In particular, in the same field of endeavor, Dillon’371 teaches the use of comparing a performance metric, of the one or more performance metrics, with a performance metric threshold(see fig.17, which shows current latency exceed threshold, thus comparing); in response to determining that the performance metric does not meet the performance metric threshold(see fig.17, which shows when the current latency exceed threshold is yes, thus not meeting since it exceeds), at least one(due to at least one, only of them is being considered) of:
modifying network resources, of the network, allocated for at least one of the first node or the second node(see fig.17, which discusses modifying by decreasing target tx rate or RX rate by percentage based on rate of the latency increase, see para.0069);
switching a network slice assigned to at least one of the first node or the second node;
modifying one or more Quality of Service (QOS) parameters associated with at least one of the first node or the second node; or
increasing a priority of traffic of at least one of the first node or the second node.

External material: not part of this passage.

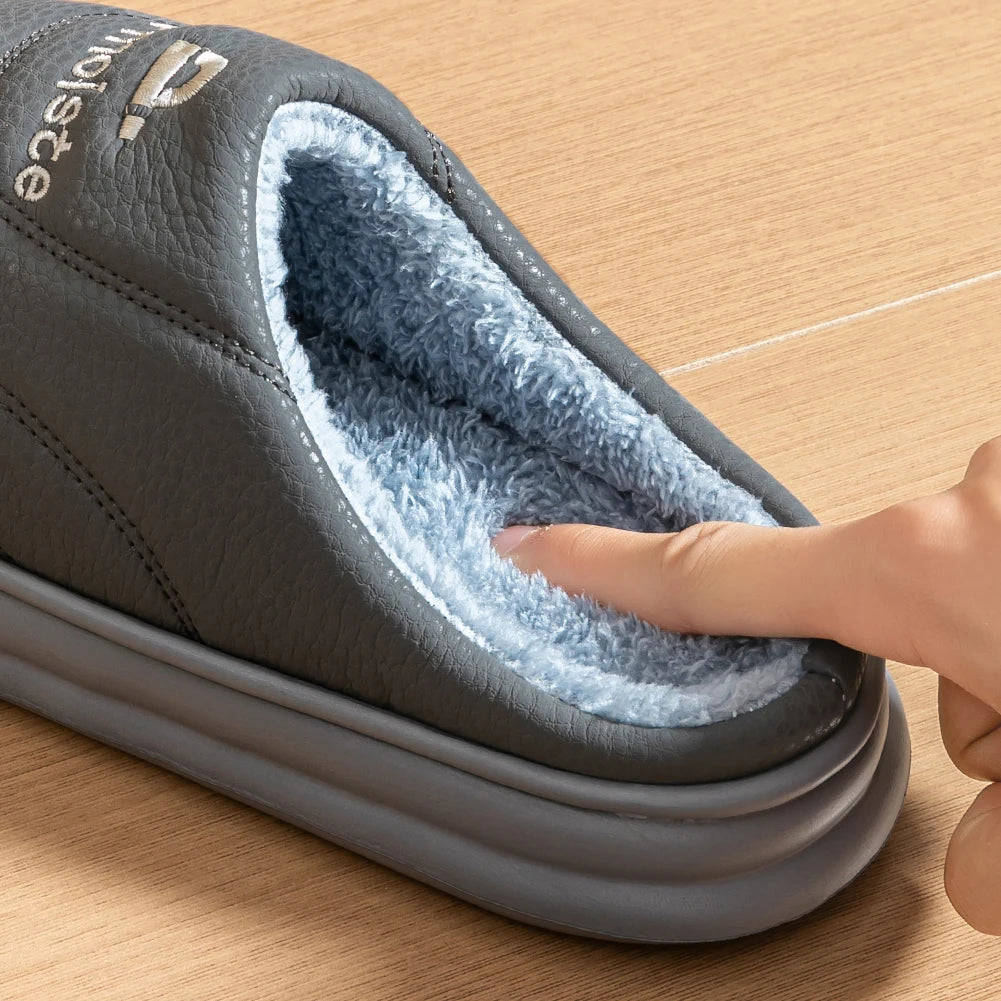 Men's Warm Memory Foam Plush Slippers | Cozy Winter House Shoes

In view of the above, having the system of Sergeev’201 and then given the well-established teaching of Dillon’371, it would have been obvious to one having ordinary skill in the art before the effective filling date of the claimed invention to modify the system of Sergeev’201 to include “in response to determining that the performance metric does not meet the performance metric threshold, at least one of: modifying network resources, of the network, allocated for at least one of the first node or the second node; switching a network slice assigned to at least one of the first node or the second node; modifying one or more Quality of Service (QOS) parameters associated with at least one of the first node or the second node; or increasing a priority of traffic of at least one of the first node or the second node” as taught by Dillon’371, since Dillon’371 stated in para.0008+ that such a modification would achieves improved network performance (e.g., latency, jitter, throughput) through ordinary-grade (e.g., consumer-grade) broadband connections over conventional broadband networks, facilitating support of application-level quality of service traffic requirements (e.g., traffic requirements of real-time service applications, such as voice-over-IP (VOIP) services) through such ordinary-grade broadband connections over conventional broadband networks.
Claim(s) 14 is/are rejected under 35 U.S.C. 103 as being unpatentable over Sergeev (US 2020/0252201) and in view of Hirasawa et al (US 2023/0074703).
Regarding claim 14, Sergeev’201 discloses wherein: determining the one or more first timestamps and the one or more second timestamps(see fig.3, 306-307, see para.0065, which discusses traffic analyzer 201 matches arrival timestamp (TS.sub.a) of the given encrypted IP packets and departure timestamp (TS.sub.d) of the corresponding original IP packet and, thereby, identifies (306) the pair (TS.sub.d; Ts.sub.a) indicative of delay in delivery for the respective pair of matching IP packets) is performed via one or(due to or language, only one of them is being considered) more first probes connected to one or more nodes of the network(see para.0047, which discusses traffic analyzer 201 can be configured as a probe using a mirrored traffic for monitoring egress interface, thus via probe).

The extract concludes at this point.